Happy Election Day from Real America!

November 4, 2008
New York, N.Y.

It sure is tough to vote where I live. The first big problem is the inconvenient location of the poll sites. I had to walk a full 500 feet from my apartment building to the New York University dormitory where they decided to hide the voting booths.

Then there's the typical confusion about Election Districts and Assembly Districts, what number is this and what number is that, wasting precious seconds of my day finding the right line.

And what a line! At least eight people stood in front of me, and I pulled a magazine from my back pocket in anticipation of a long wait.

Then I discovered I was in the wrong line!
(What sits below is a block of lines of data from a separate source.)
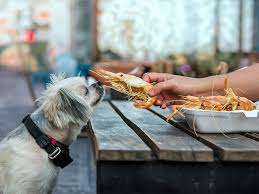 Can dogs eat shrimp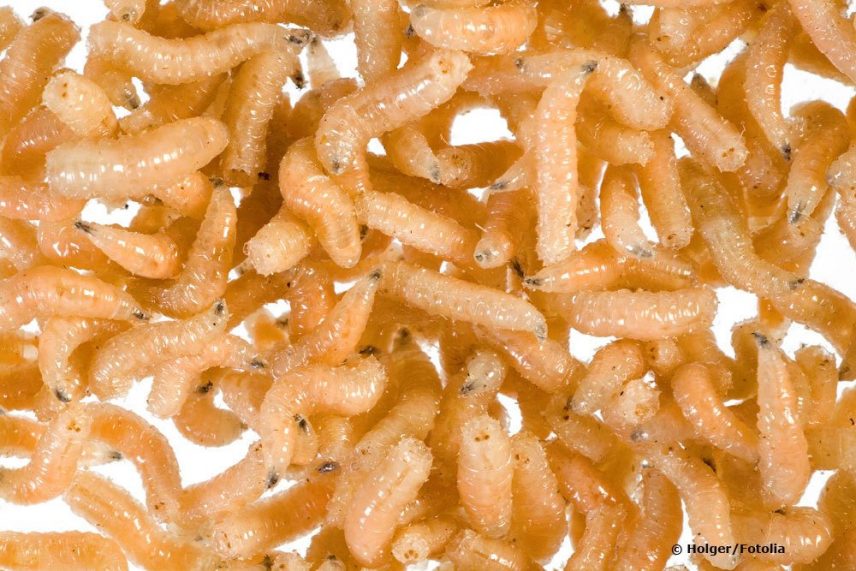 Maden Insect Madenfalle: so fangen und töten Sie die Maden im Haus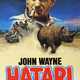photo du film Hatari !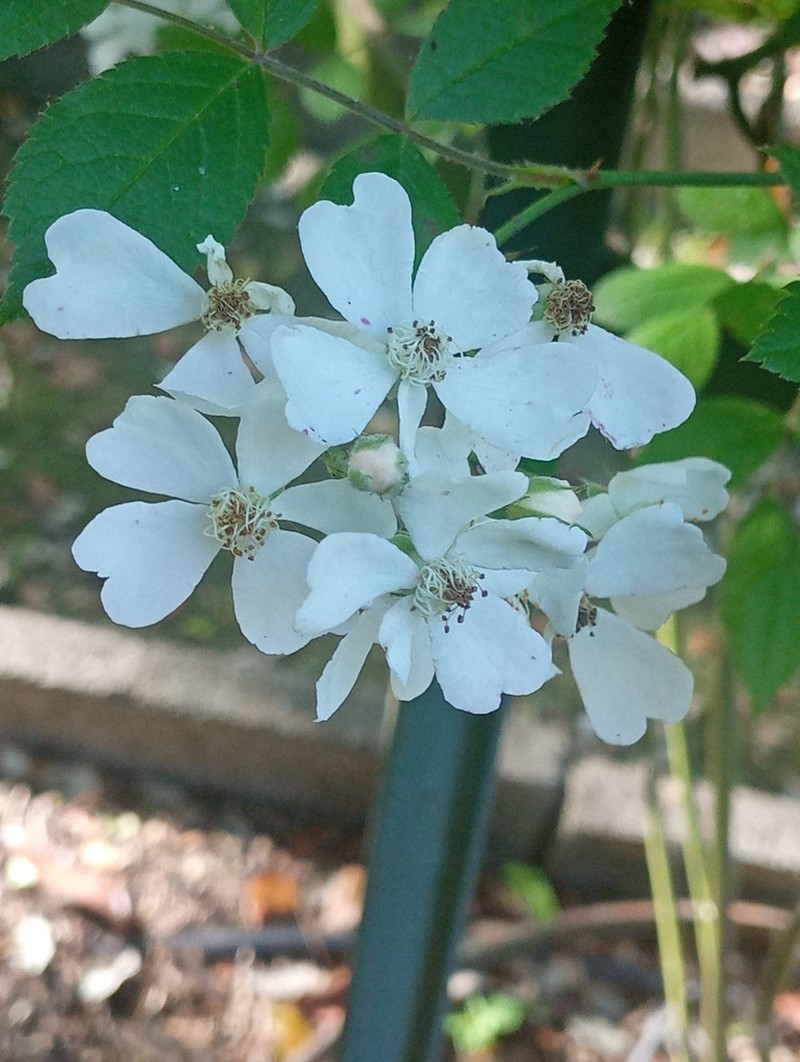 Rosa filipes photo 3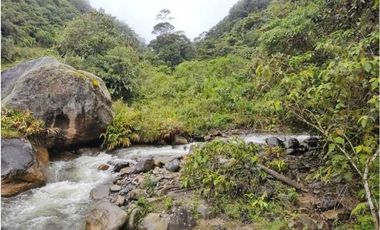 VENDO FINCA GANADERA EN RISARALDA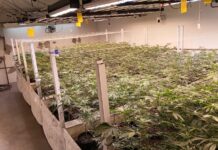 Cannabis medicinal: desde MACAME cuestionan el caso de Malabrigo y piden diferenciar el cultivo terapéutico del comercio ilegal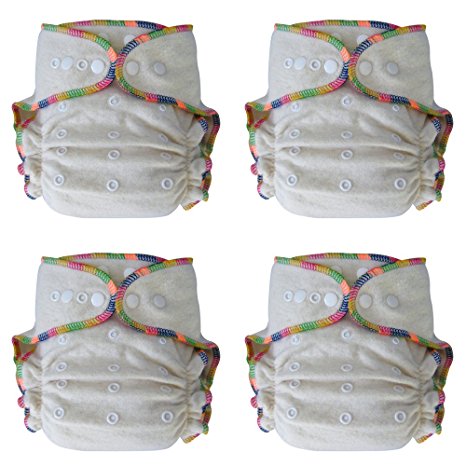 Heavy Wetter Baby Night Fitted Cloth Diaper with 2 Inserts, One Size 10-30 Lb, Hemp /Organic Cotton, 4-pack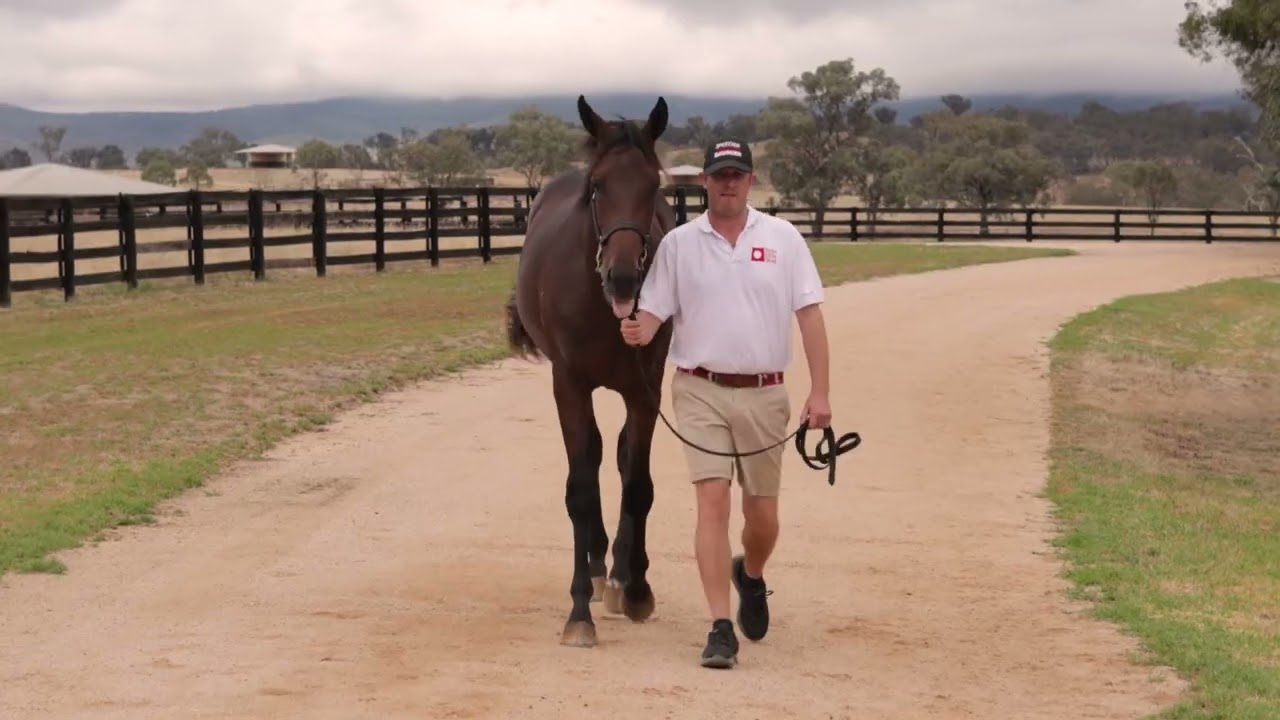 Too Darn Hot x Zoumatic Yearling Parade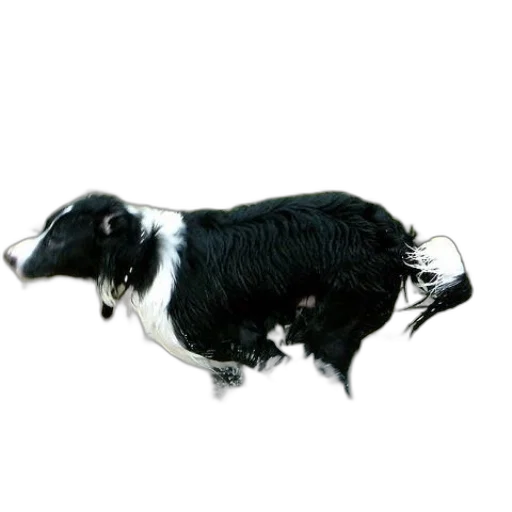 animal, hair, creature, jewelry transparent PNG cut-out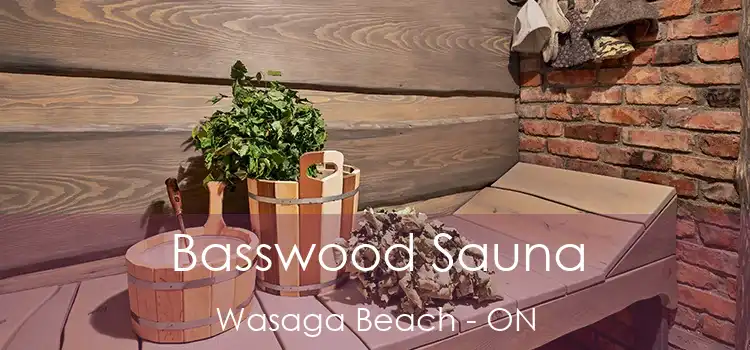  Basswood Sauna Wasaga Beach - ON
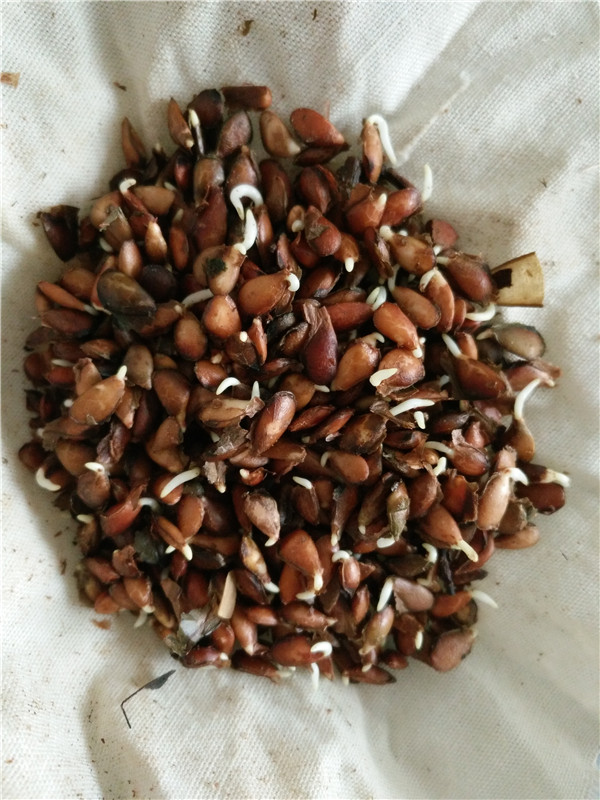 重慶銅梁大棚香椿苗價(jià)格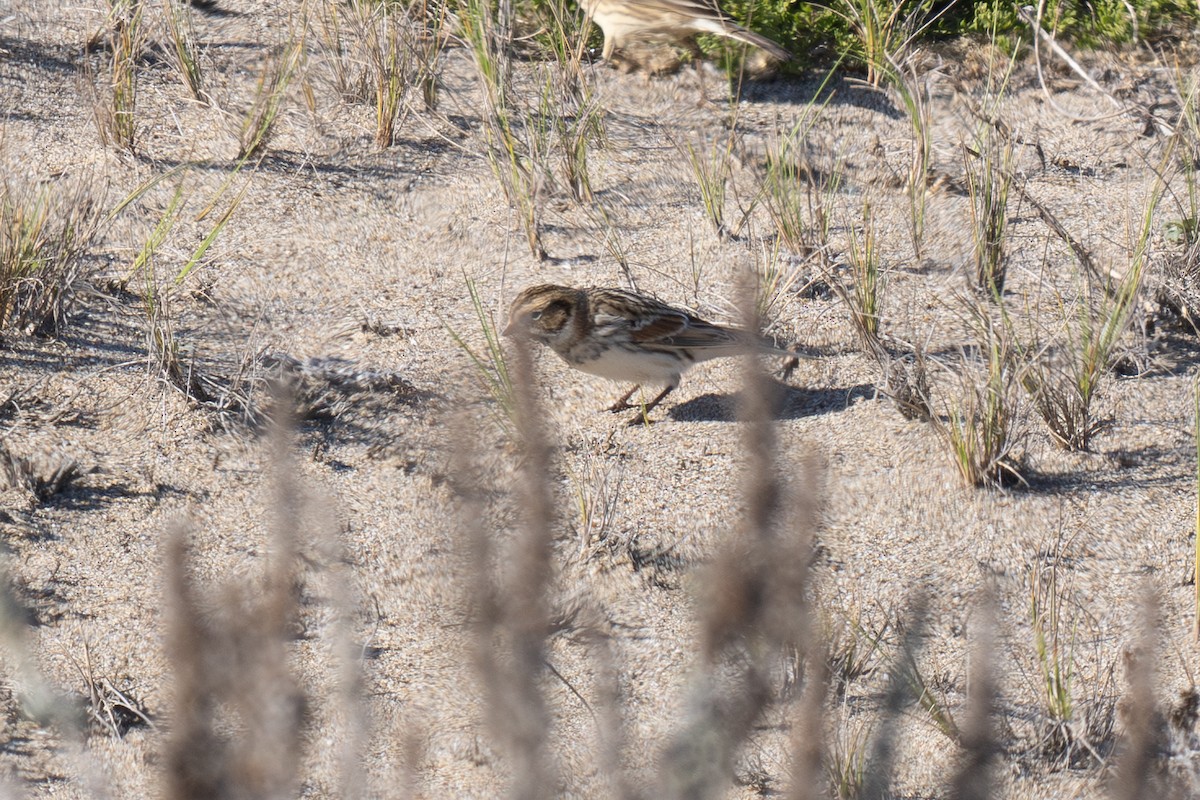 Lapland Longspur - ML644349614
Because my last name begins with a letter from the last half of the alphabet, I was pulled out and made to stand in a much shorter line.

The most suspenseful part of voting is when the worker behind the table looks in the big book for your name — almost certainly expunged because someone with a similar name had a few too many parking tickets. But no, there it was as usual.

And then, as if on cue, the ancient voting machines with their curtains and levers and little knobs decided to keep on working as I stepped inside and registered my choices.

I had left my apartment at 8:40, and when I returned home — exhausted by the trials of civic responsibility — it was 9:00. Now I ask you: How can something as simple as voting be made so time consuming and complicated?

I live on an island called Manhattan, also known as the borough of Manhattan within New York City, and New York County within New York State.

The island has only 23 square miles of land, but is home to about 1.6 million people (source), a larger population than the states of Wyoming, Vermont, North Dakota, Alaska, South Dakota, Delaware, Montana, Rhode Island, Hawaii, New Hampshire, Maine, and Idaho (source).

In 2000, 14.2% of the New York County vote went to the current President (source), and in 2004, 16.7% (source), despite the fact that his party shamelessly held their convention in Madison Square Garden. It's interesting how those percentages no longer seem out of line.

I'm curious about the voting percentages this year. The recent talk about "real Americans" seemed deliberately to exclude me and my neighbors, and I even saw one candidate incite a crowd to boo the newspaper many New Yorkers read every morning!

Most optimal would be an outcome where all Americans — New Yorkers and otherwise — can work together in repairing the damage of the past eight years.